There are of course collections, and it is a good question, what counts exactly. I think the Berlant book might qualify, although it does make an effort to present itself as a coherent “project” while still consisting of largely standalone essays. That is not an unusual model, the non-monograph monograph, and not quite what I had in mind. I am thinking more of something like the Said book, that one is more frankly miscellaneous as I remember it.

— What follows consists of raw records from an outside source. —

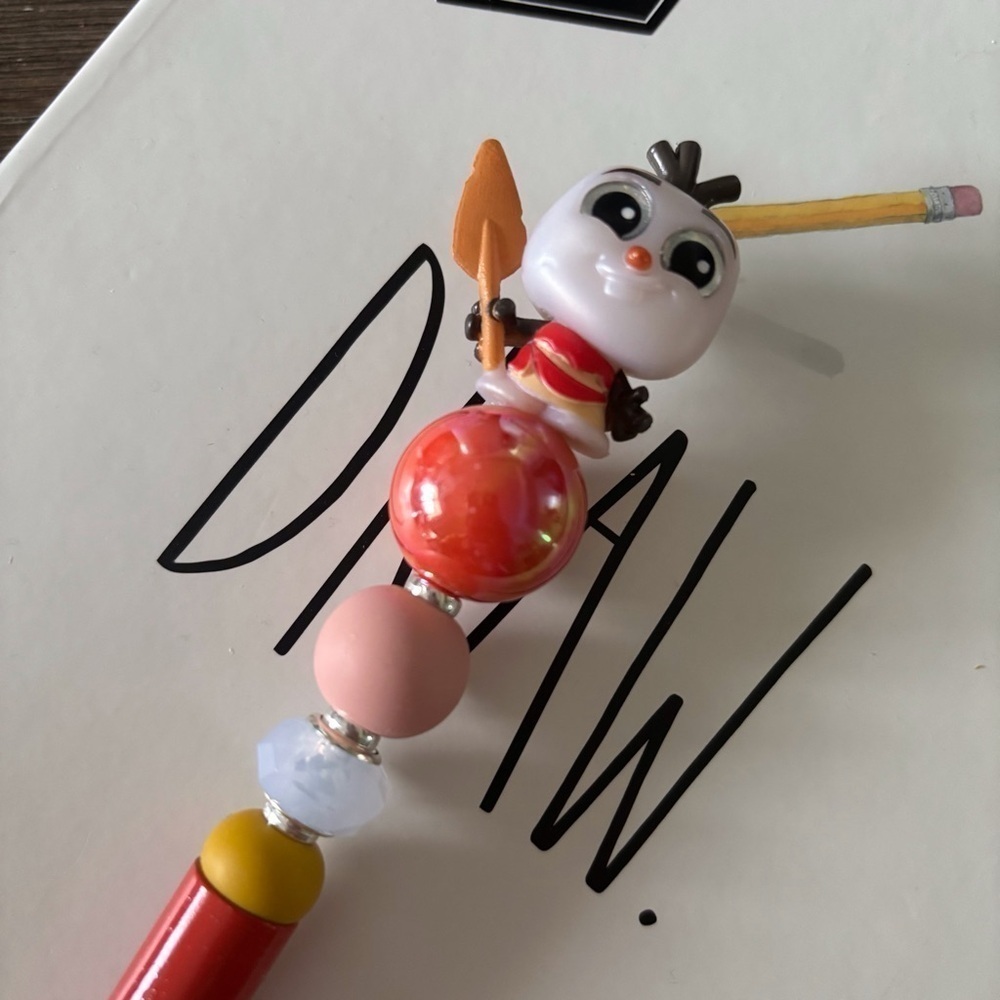 Disney Doorables: Olaf Retells: Moana: Moana handmade beaded pen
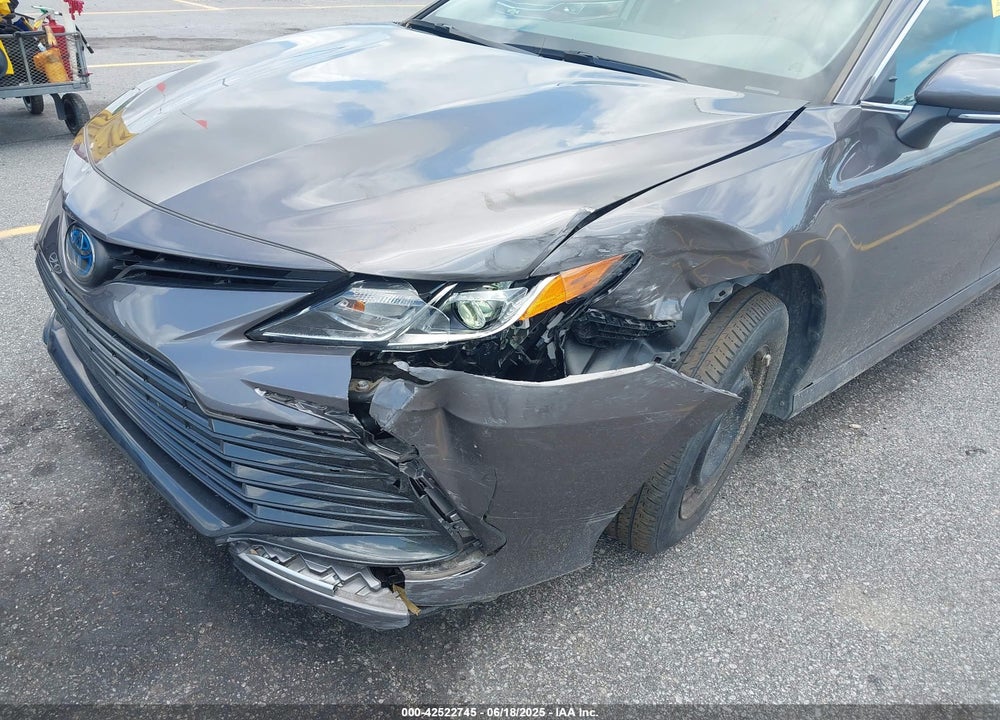 2022 TOYOTA CAMRY LE HYBRID VIN: 4T1C31AK8NU581785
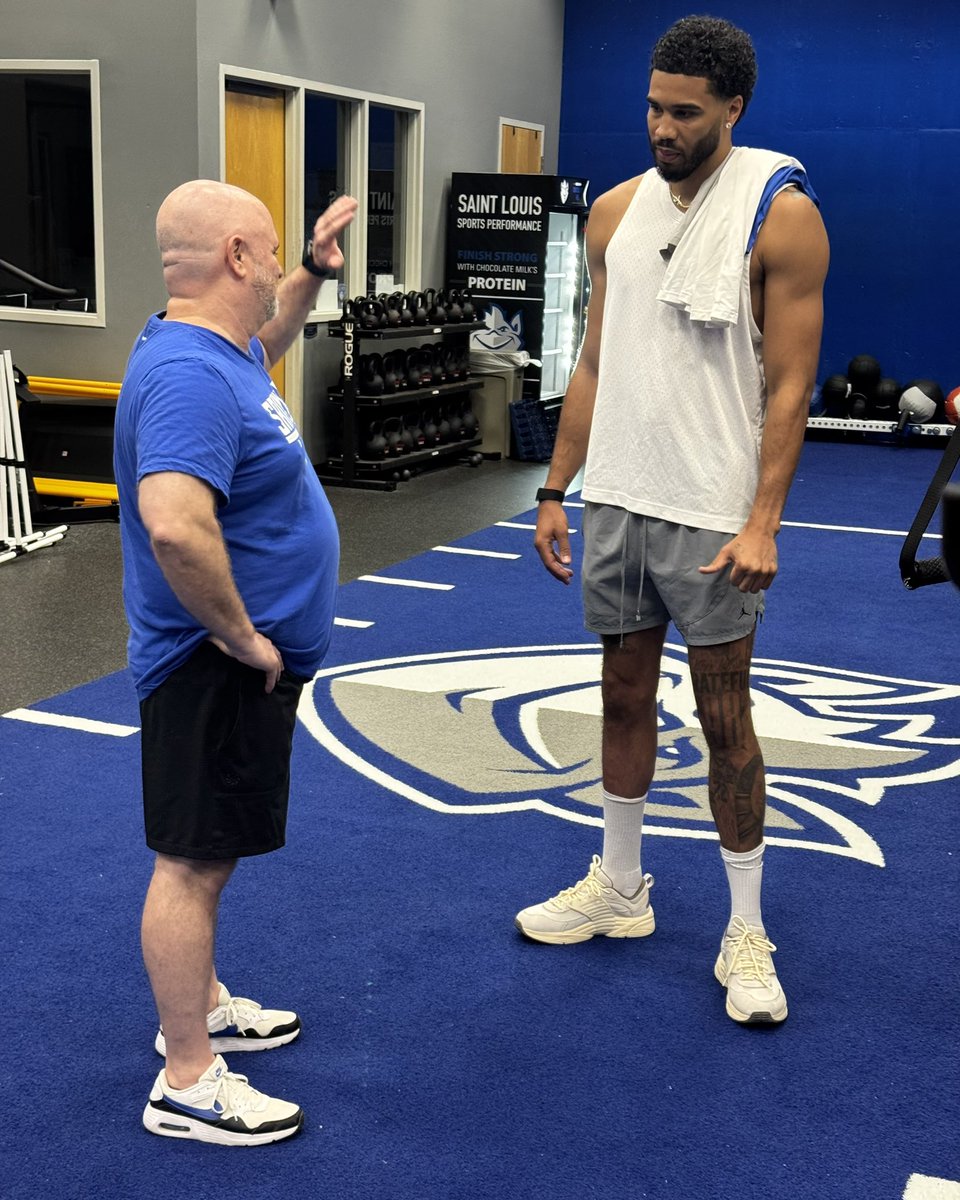 The Champ stopped by to get some work in! 🏆💪 

<a href="/jaytatum0/">Jayson Tatum</a> 

#SLUForTheLou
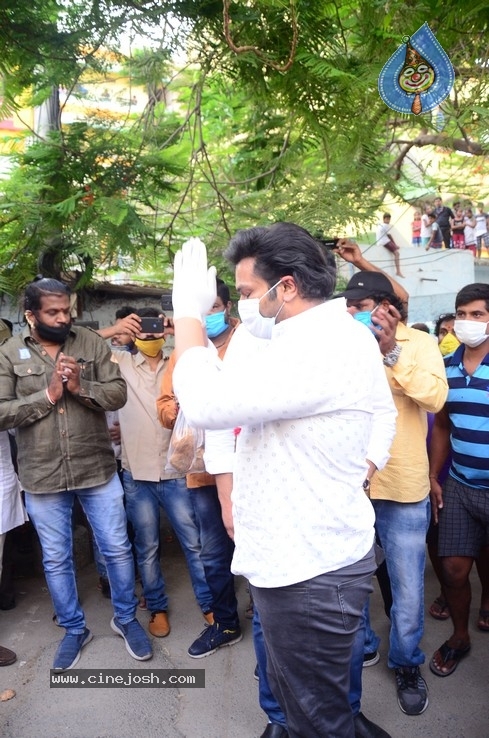 Manchu Manoj Arranged Buses  - 8 / 12 photos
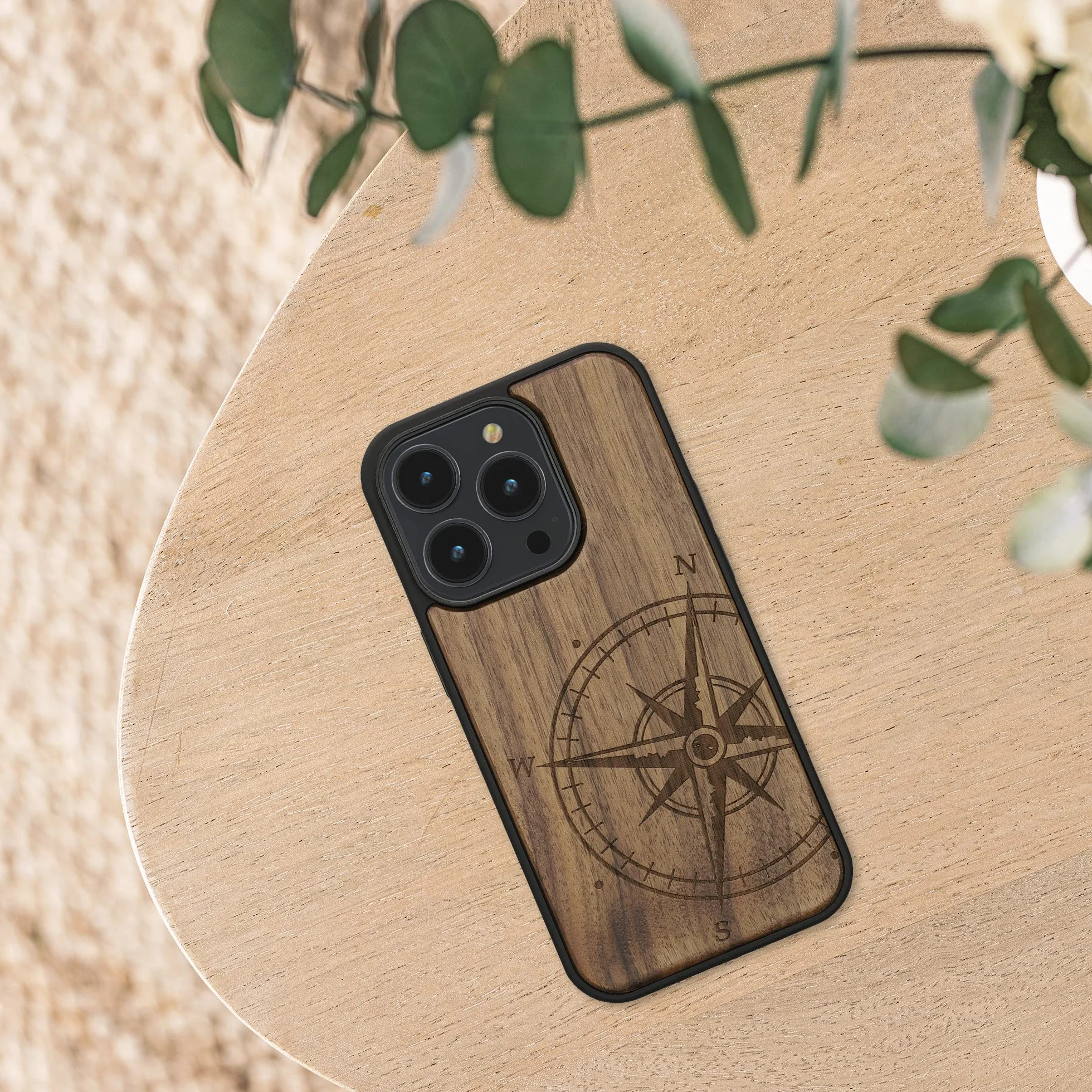 kwmobile Funda para Apple iPhone 14 Pro - Carcasa de Madera con Bumper Antigolpes y Aguja Magnética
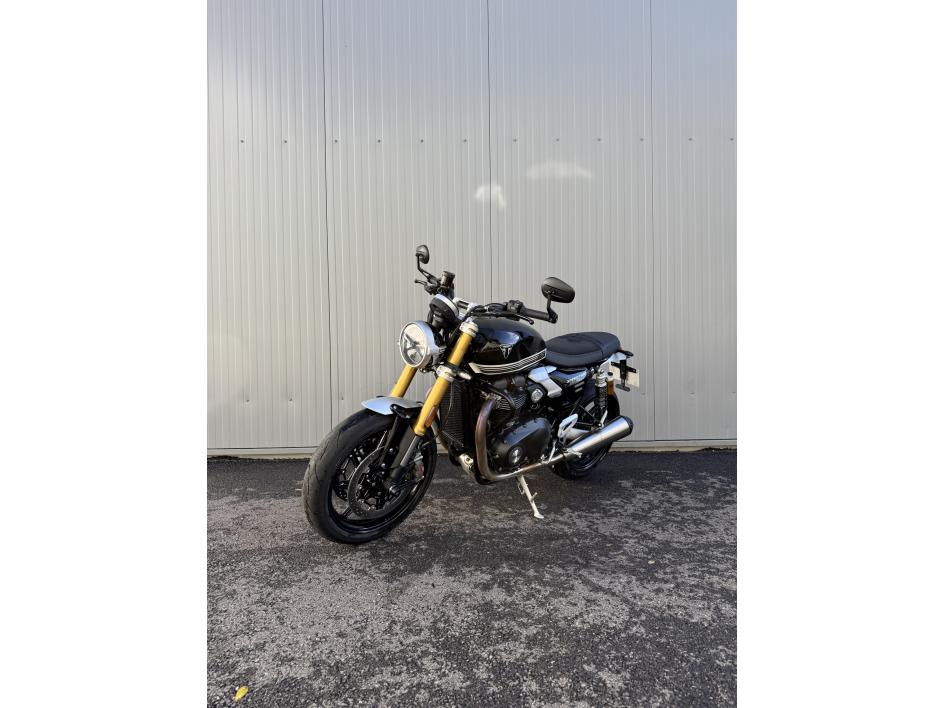TRIUMPH SPEED TWIN 1200 RS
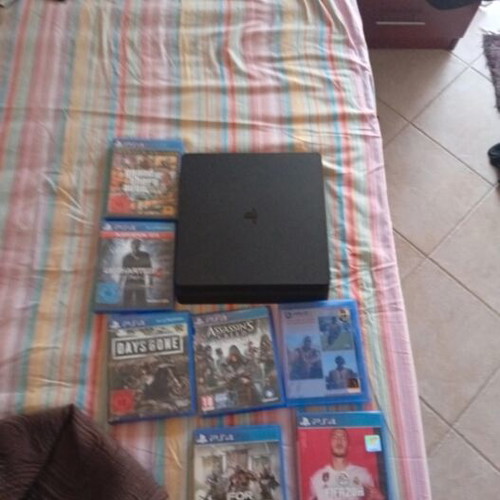 PlayStation 4 Slim console with 7 games and controller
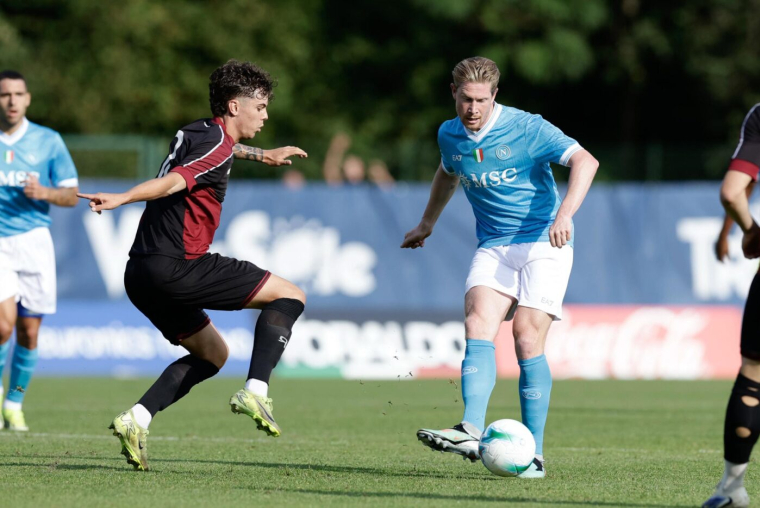 Pour son premier match amical, Naples se fait laminer par une D3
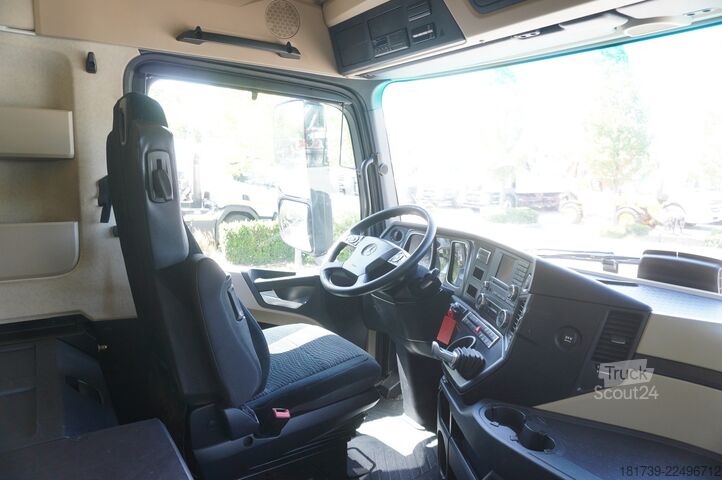 Gekoelde vrachtwagens Mercedes-Benz Actros 2542 / GIGA cabin / Thermoking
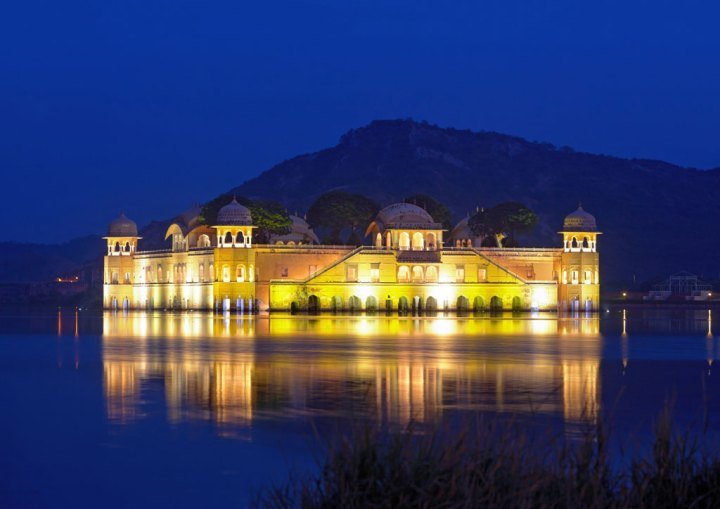 The-Palace-Jal-Mahal-at-night,-Jaipur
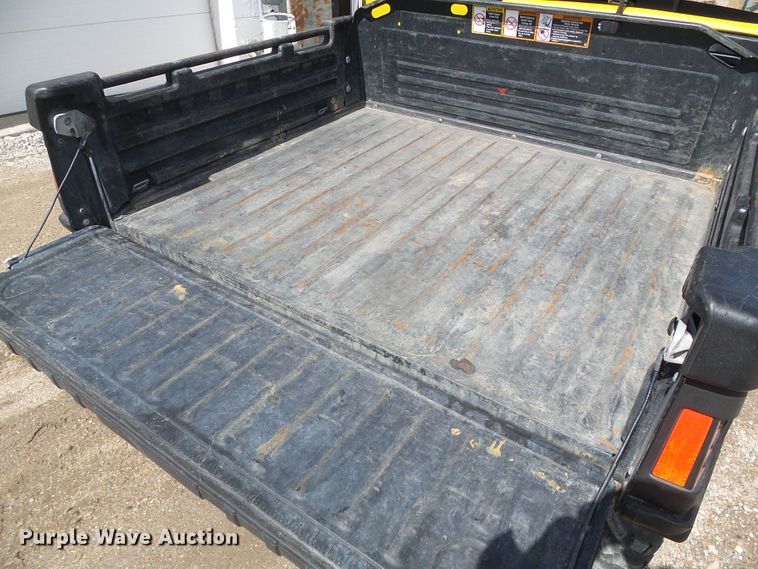 image for item GR9407 2020 John Deere XUV835E  utility vehicle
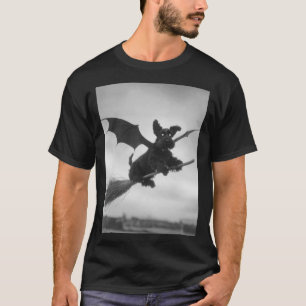 Camiseta Gótico Schnauzer Bruxa Vassoura Asas de Morcego As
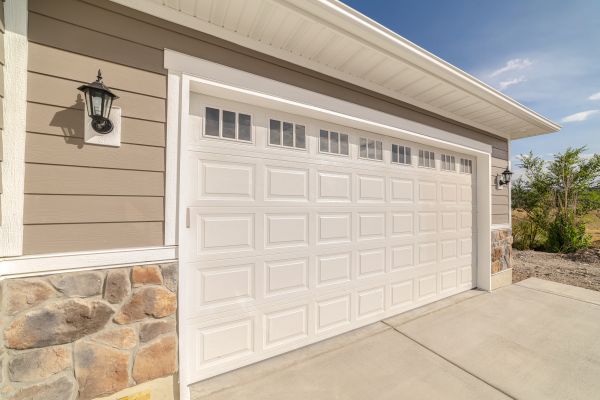 Garage Lifting in Redford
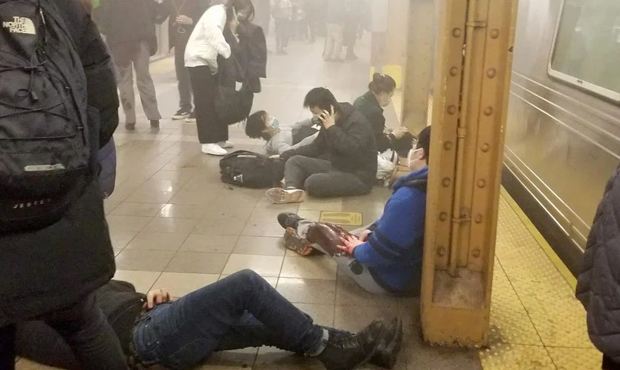 В метро Нью-Йорка неизвестный в противогазе открыл стрельбу. Пострадали 13 человек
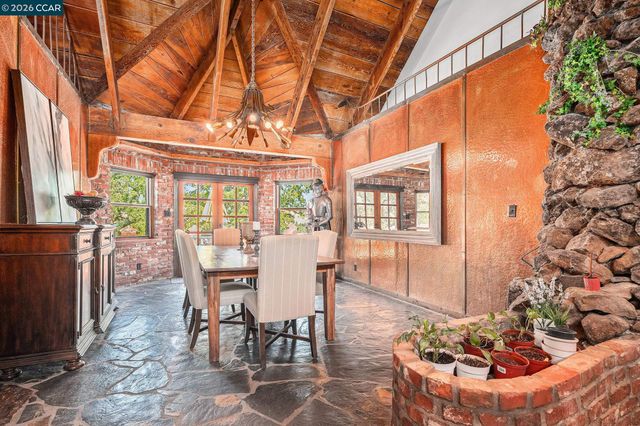 176 Mountain Canyon Ln, Alamo, CA 94507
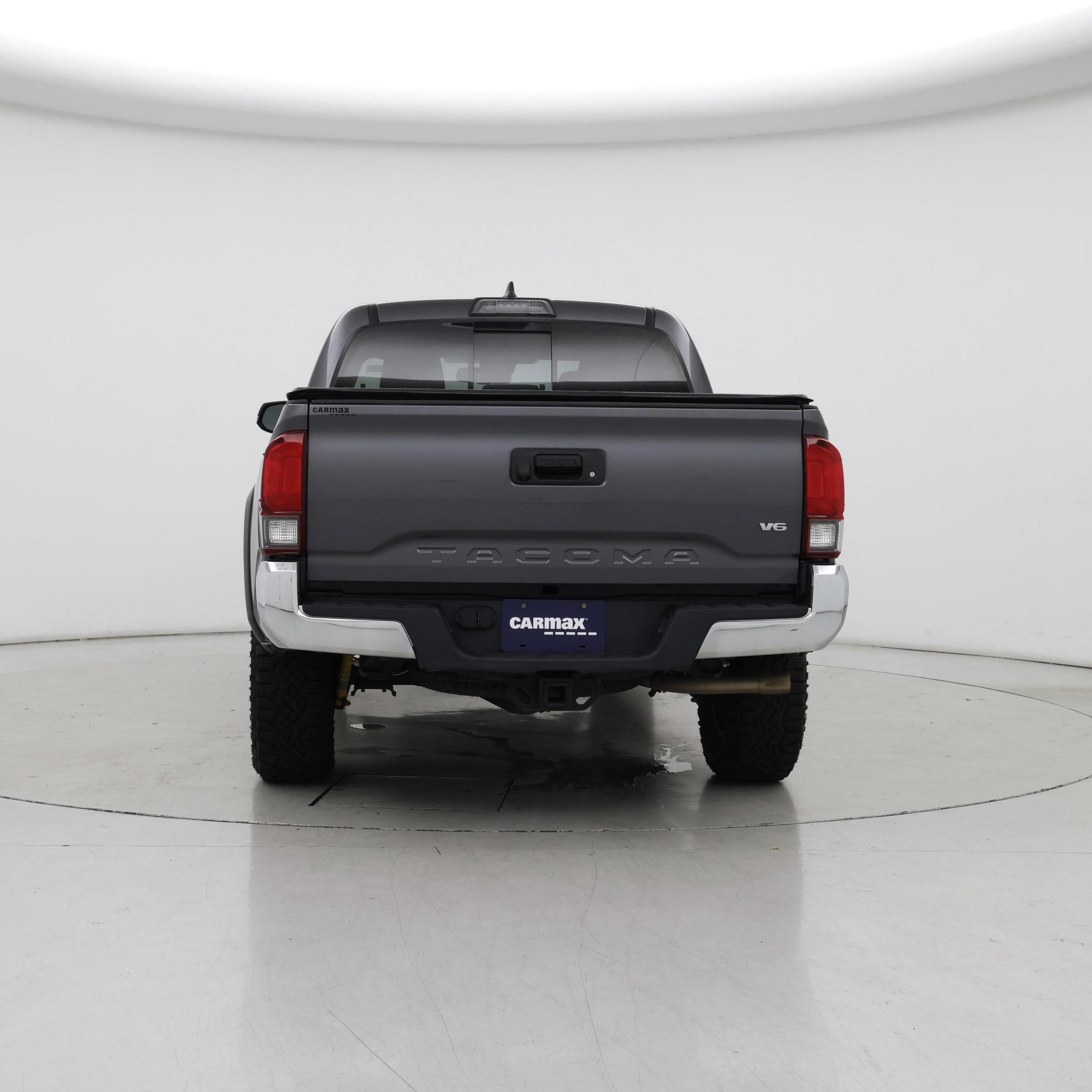 Thumbnail: 2018 Toyota Tacoma - 6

I am wondering in what genres this is possible: both of these figures were (a.) stars (b.) in cultural theory—but could someone working on the 19th-c. novel publish a collection of essays like F.R. Leavis did? I have a sense that lesser academic beings (not the Saids and Berlants, but the average 1-2-3 book academics who become full profs and retire, who are mostly doing work specific to their discipline without the transferable quality of the writing of the Saids and Berlants) the single-author essay collection is not really available as a genre. And only poets and very-very big stars can put together collections of their more miscellaneous essays, if at all.
It was just a thought, don’t have a solid set of examples—also, don’t have numbers. Your posts were eye-opening because you found the right metrics.
For academic stuff, one could look at book reviews. The TLS? “Literary criticism” including theory, for one year in every decade? What is the book—monograph, essay collection, somewhere in between? Would be a fair amount of work. And I may be completely wrong.